Het is goed om bij het vaststellen van het antwoord op deze vraag het overduidelijke gebod in gedachten te houden dat Jehovah zijn volk betreffende het gehele wereldrijk van valse religie geeft. Dit religieuze rijk wordt Babylon de Grote genoemd omdat het veel groter in omvang is dan het Babylon uit de oudheid, maar het heeft alle kenmerken van die oude zetel van tegen Jehovah gekante aanbidding. In verband met dit rijk dringt Openbaring 18:4, 5 (NW) er bij ons op aan: „Gaat uit van haar, mijn volk, indien gij niet met haar in haar zonden wilt delen, en indien gij geen deel van haar plagen wilt ontvangen. Want haar zonden hebben zich helemaal tot aan de hemel opgehoopt, en God heeft zich haar ongerechtigheden herinnerd.”

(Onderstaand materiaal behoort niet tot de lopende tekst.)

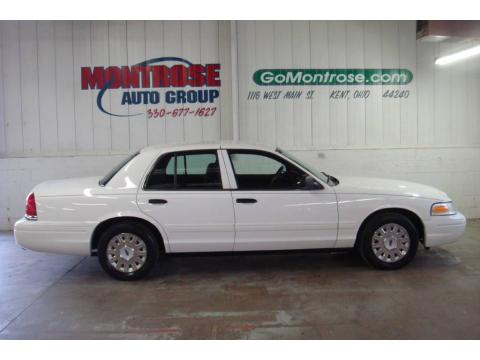 Vibrant White Ford Crown Victoria LX.  Click to enlarge.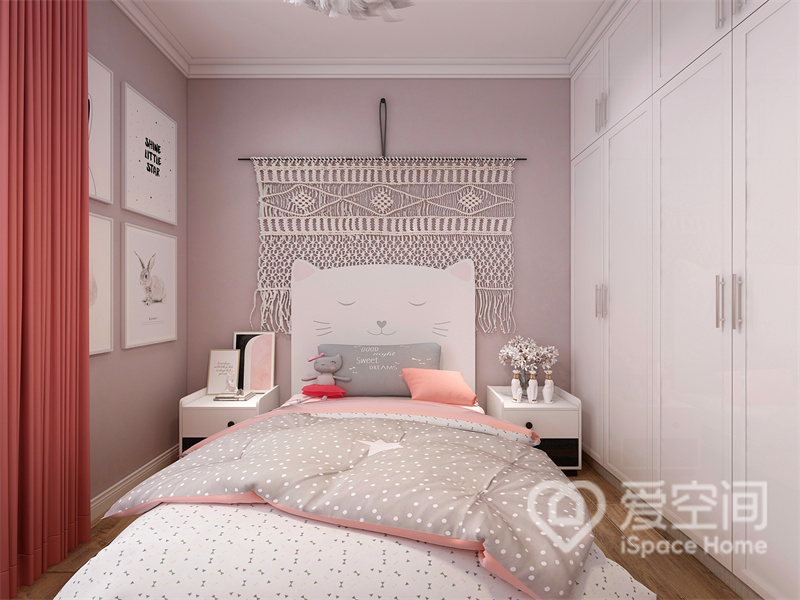 儿童房以粉色为主调，基本遵循原始格局来设计，隐形衣柜整洁大气，为卧室增添了立体感。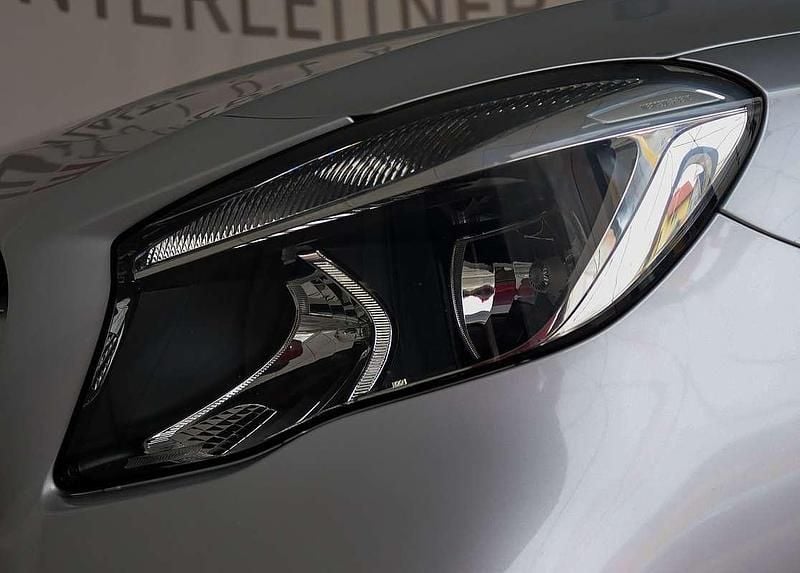 Gebraucht Mercedes GLA200 136 PS (100 kW) 2018 Grau SUV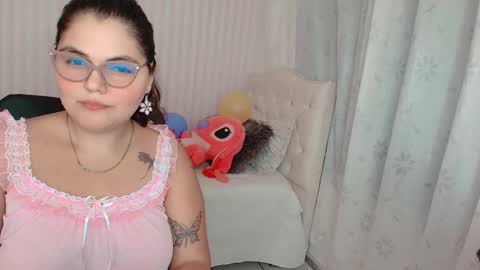 daeneryslove_doll online show from October 29, 4:25 am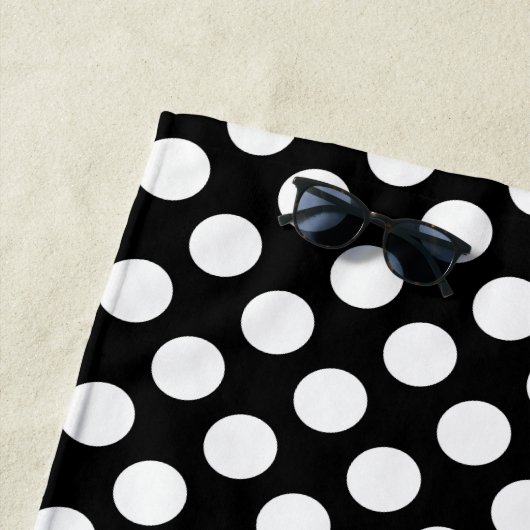 Wit op zwart grote grootte polka stippen strandlaken (In situ)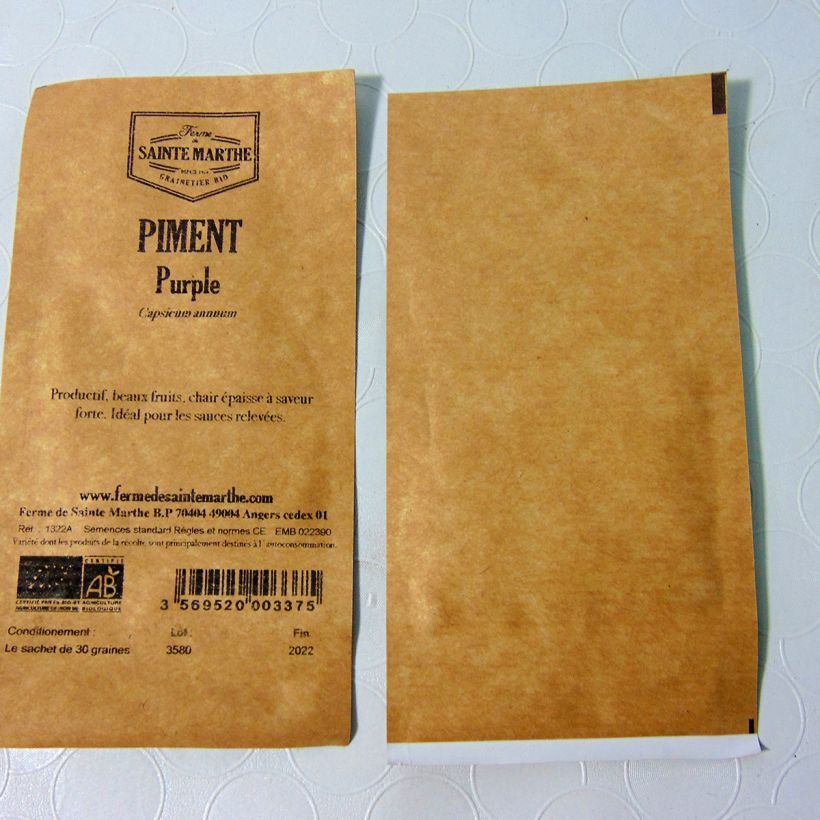 Example of Purple Chilli Pepper - Ferme de Ste Marthe Seeds per pack of 30 seeds specimen as delivered
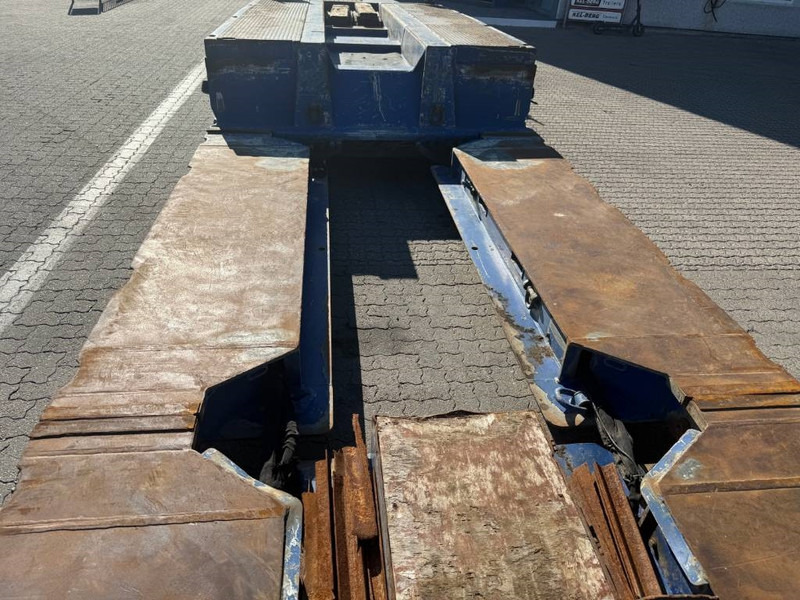 Faymonville Lowbed / Tieflader / Sengetrailer en crédit-bail Faymonville Lowbed / Tieflader / Sengetrailer: photos 15 Faymonville Lowbed / Tieflader / Sengetrailer en crédit-bail Faymonville Lowbed / Tieflader / Sengetrailer: photos 15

Hoe zou een opgedragen christelijke getuige van Jehovah nu met een zuiver geweten voor een organisatie kunnen werken waarvan de gehele werkzaamheid in strijd is met Jehovah God? Jehovah God zegt dat van zijn standpunt uit bezien, deze vals-religieuze stelsels een zondenregister hebben dat zich helemaal tot aan de hemel heeft opgehoopt. Ze hebben leugens over God verteld, de mensen afgekeerd van zijn liefderijke voorzieningen voor leven en in plaats daarvan de naties gezegend bij het afslachten van de bewoners der aarde. Wie zou willen dat het werk van zijn handen de werkzaamheid van zulk een godonterend rijk zou bevorderen?

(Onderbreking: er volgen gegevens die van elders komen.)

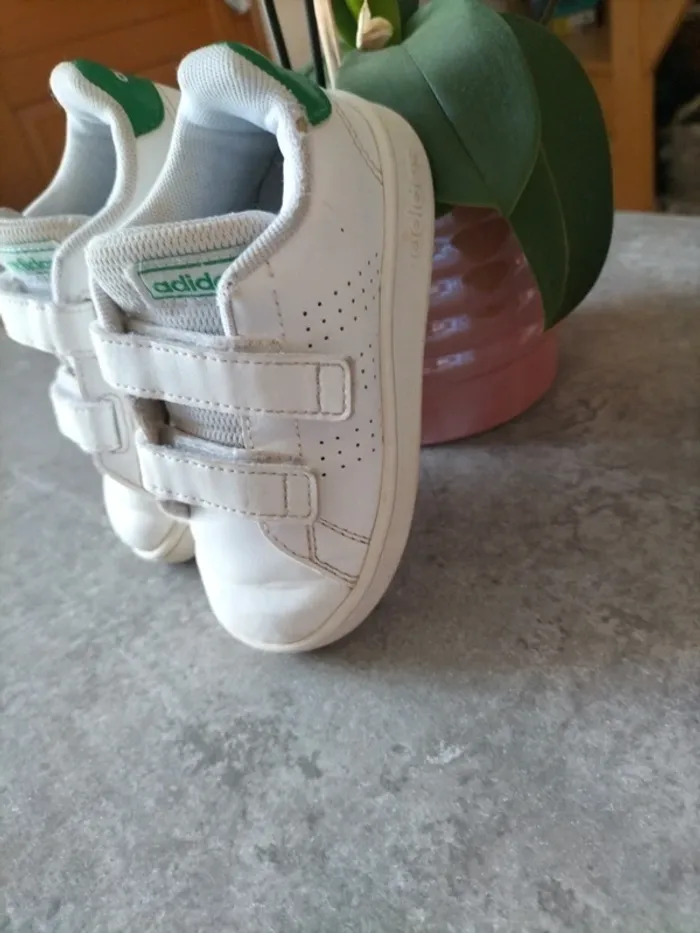 Baskets taille 23 Adidas - photo numéro 2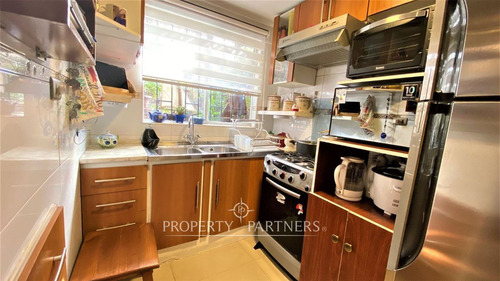 Excelente Vivienda Familiar, Con Departamento Inte...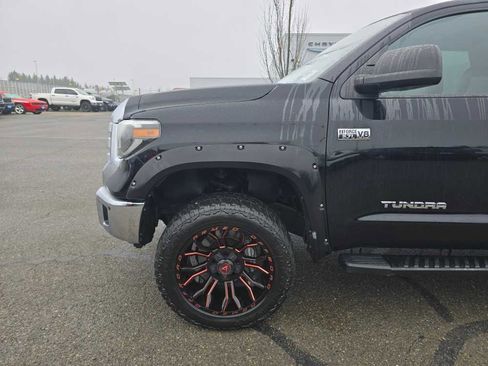 Used 2020 Toyota Tundra SR5 image 18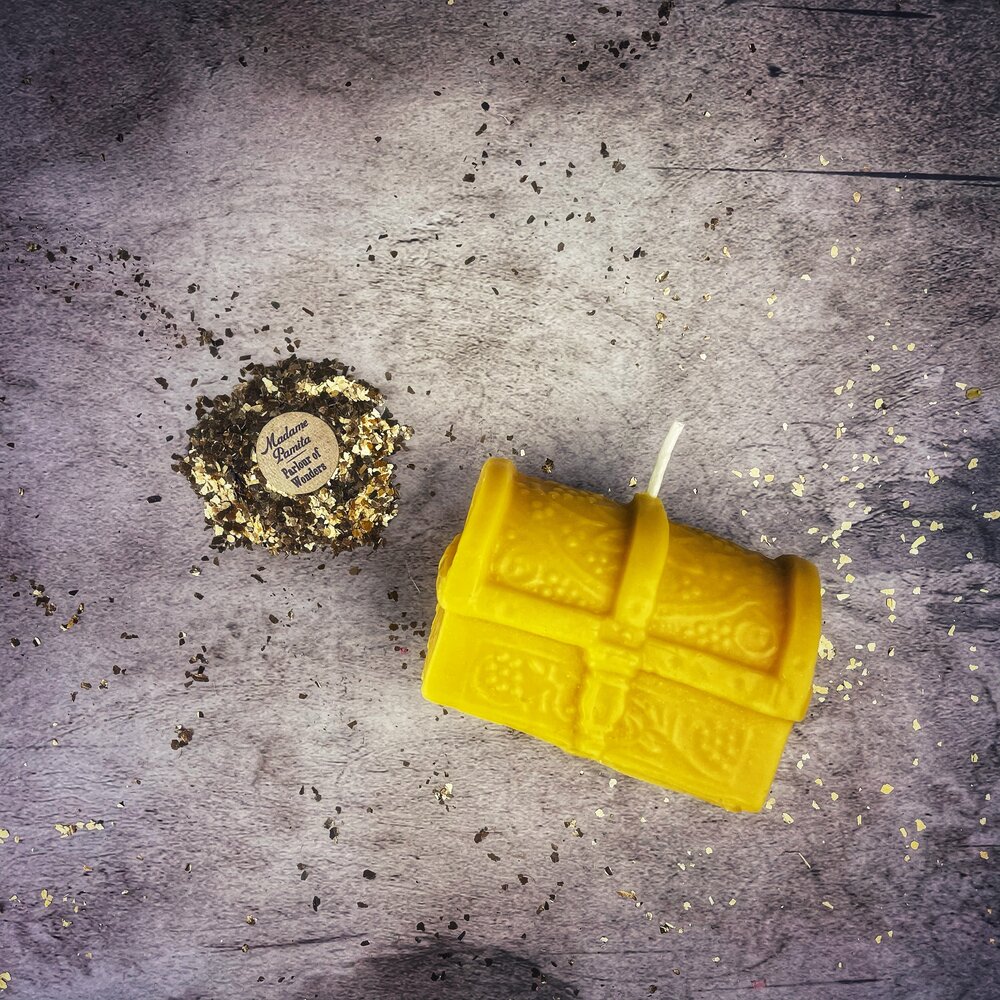 Beeswax Treasure Chest Spell Candle - Unlock Blessings & Abundance Magic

Indien iemand die belijdt een opgedragen christelijke getuige van Jehovah te zijn, een betrekking zou aanvaarden waardoor hij rechtstreeks in dienst zou staan bij een dergelijke religieuze organisatie, dan zou hij in feite een deel van die organisatie worden. Wat zouden wij, indien de persoon die zo handelde, wist wat hij deed en er toch toe overging, anders kunnen concluderen dan dat hij een afvallige is en uit de christelijke gemeente gesloten dient te worden? Het kan echter zijn dat iemand voor een wereldse commerciële werkgever werkt die regelmatig werk moet verrichten aan kerkelijke eigendommen. Hij die dergelijke werkzaamheden verricht, is weliswaar in dienst van een commerciële firma, maar door dergelijk werk als iets wat geregeld terugkomt te aanvaarden, toont hij dat hij geen rijpe christen is, en alhoewel het hem wel toegestaan zal zijn als Koninkrijksverkondiger een bericht in te leveren, zal hij geen dienaar kunnen zijn, want hij zal niet door de overige leden van de gemeente als een navolgenswaardig voorbeeld beschouwd kunnen worden. Indien de commerciële firma slechts af en toe een karweitje voor een kerk verricht, iets wat in vele beroepen voorkomt, dan zou iemand die zulk werk aanvaardt, niet ongeschikt zijn om een dienaarsambt in de gemeente te bekleden, tenzij het voor anderen in de gemeente een aanleiding tot struikelen zou worden. Ook in dit geval zou hij echter met zijn baas kunnen afspreken dat deze hem andere karweitjes toewijst, of hij zou er uit hoofde van zijn geweten de voorkeur aan kunnen geven naar een andere betrekking uit te zien waardoor hij beroepshalve in het geheel niet in aanraking komt met vals-religieuze organisaties. — 1 Petr. 3:16, NW.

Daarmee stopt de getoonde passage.